===== Excerpted records =====

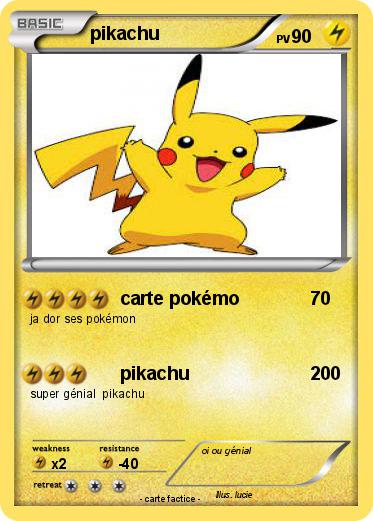 Pokemon pikachu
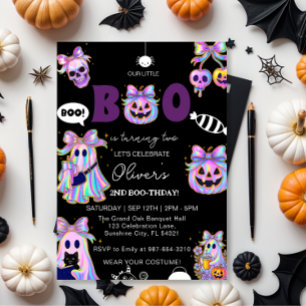 Pastel Halloween Girl Birthday Invitation, Spooky  Invitation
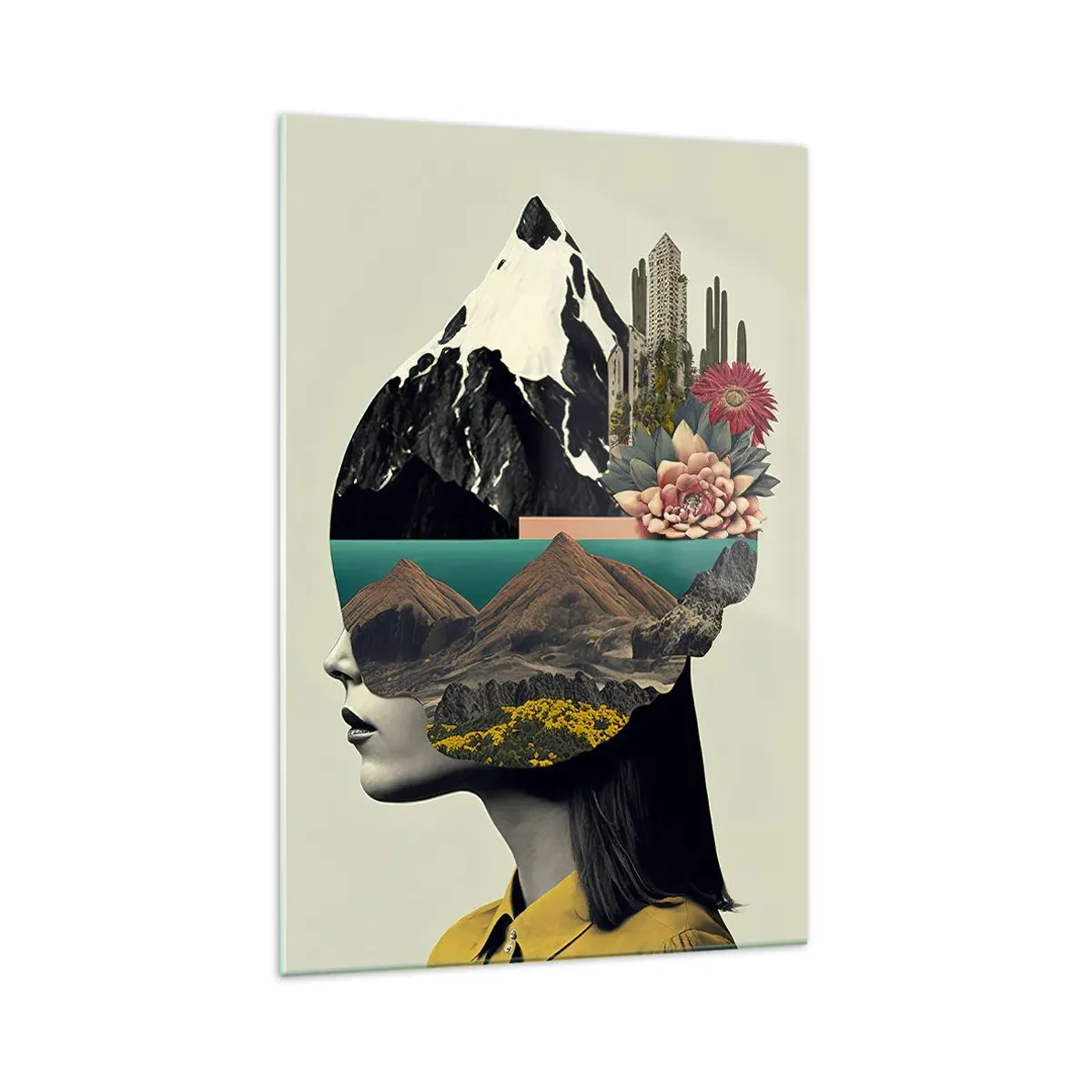 Quadro em vidro - Mulher – sempre um mistério - 70x100 cm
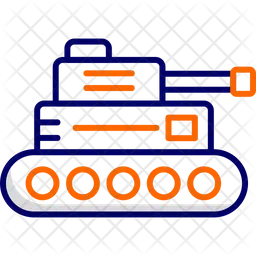 군용 탱크  아이콘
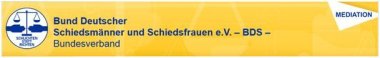 Hier sehen Sie das Logo des Bundes Deutscher Schiedsmänner und Schiedsfrauen e.V.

=====

§ **What to produce**
Once the line containing "Pastel Halloween Girl" is found, copy it and each line after it through the end of the entries above exactly; nothing else, and no pictures.

§ **Solved exercise**
 Pastel Halloween Girl Birthday Invitation, Spooky  Invitation
 Quadro em vidro - Mulher – sempre um mistério - 70x100 cm
 군용 탱크  아이콘
 Hier sehen Sie das Logo des Bundes Deutscher Schiedsmänner und Schiedsfrauen e.V.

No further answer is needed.